WHY DID THEY CALL US ?
As part of its activity of sales data analysis (collected from retailers and panelist consumers), Nielsen decided to migrate its data storage, aggregation and reporting platform from Oracle to Hadoop.
The aggregation engine is developed in C++
The primary objective of this migration is to gather all existing platforms into a single global platform.
The performance objectives are as follows:
• improvement of the performance of the data extraction part
• implementation of an efficient data reporting tool
• acceleration of the aggregation engine
• Porting oracle SQL data extraction requests (via occi) to Hadoop/Impala (via ODBC). Requests which are not supported by Impala are interpreted directly into the C++ code.

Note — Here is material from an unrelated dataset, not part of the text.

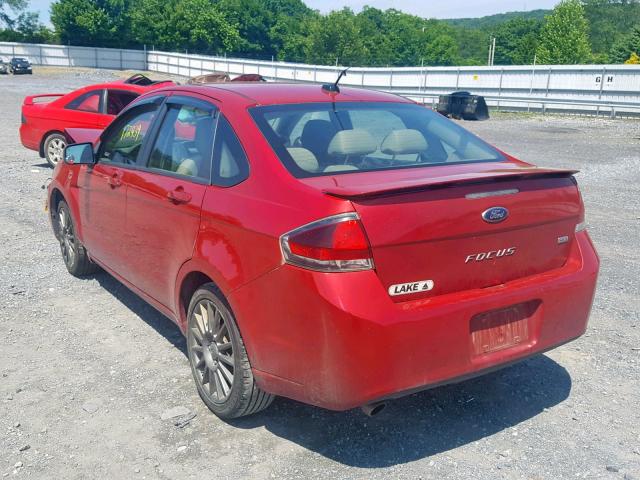 1FAHP3GN3AW252573 - 2010 FORD FOCUS SES RED photo 3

• Design and development of a high-performance tool for loading aggregate data into IMPALA tables via HDFS, using the C++ library libhdfs3.
• Hybrid parallelization MPI+BOOST. Threads on Hadoop clusters from the aggregation engine
• The data loading tool allows you to insert a 70GB file into an IMPALA table in less than 10 minutes on a gigabit network. The use of libhdfs3 allows the application to have a small memory footprint compared to libhdfs use (gain of a factor of 8)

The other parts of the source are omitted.